Clients Daily

Many questions about Firefox take the form "What did clients with characteristics X, Y, and Z do during the period S to E?" The clients_daily table aims to answer these questions. Each row in the table is a (client_id, submission_date) and contains a number of aggregates about that day's activity.

Accessing the Data

The clients_daily table is accessible through STMO using the Telemetry (BigQuery) data source.

Data Reference

Example Queries

Compute Churn for a one-day cohort:

SELECT
  submission_date,
  approx_count_distinct(client_id) AS cohort_dau
FROM
  telemetry.clients_daily
WHERE
  submission_date > '2017-08-31'
  AND submission_date < '2017-10-01'
  AND profile_creation_date LIKE '2017-09-01%'
GROUP BY 1
ORDER BY 1

Distribution of pings per client per day:

SELECT
  normalized_channel,
  CASE
    WHEN pings_aggregated_by_this_row > 50 THEN 50
    ELSE pings_aggregated_by_this_row
  END AS pings_per_day,
  approx_count_distinct(client_id) AS client_count
FROM telemetry.clients_daily
WHERE
  submission_date = '2017-09-01'
  AND normalized_channel <> 'Other'
GROUP BY
  normalized_channel,
  pings_per_day
ORDER BY
  pings_per_day,
  normalized_channel

Scheduling

This dataset is updated daily via the telemetry-airflow infrastructure.
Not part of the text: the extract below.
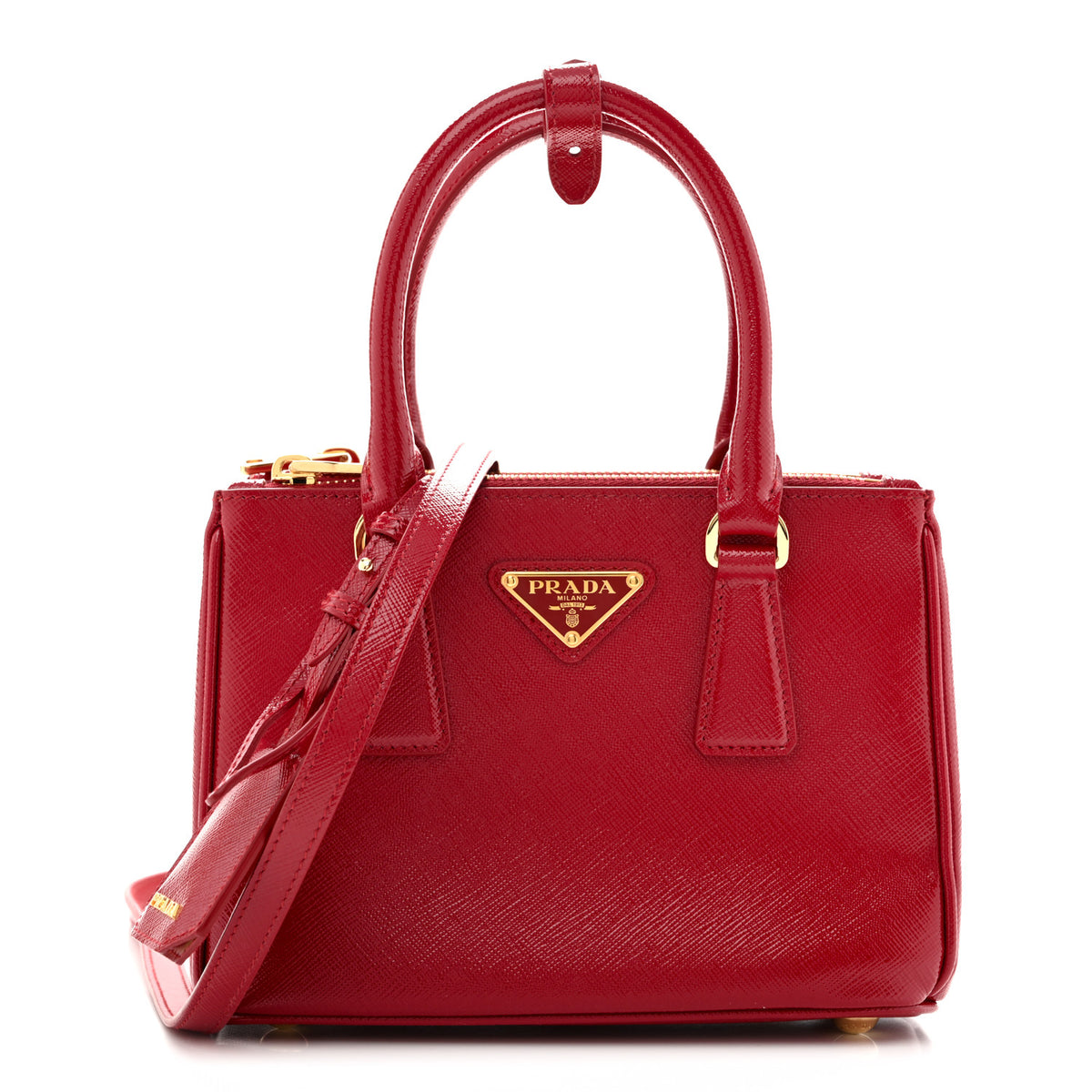 Prada Saffiano Vernice Mini Galleria Double Zip Tote Scarlatto 1 of 9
The job runs as part of the main_summary DAG.

Schema

The data is partitioned by submission_date.

As of 2019-11-28, the current version of the clients_daily dataset is v6.

Code Reference

This dataset is generated by BigQuery ETL. The query that generates the dataset is sql/telemetry_derived/clients_daily_v6/query.sql.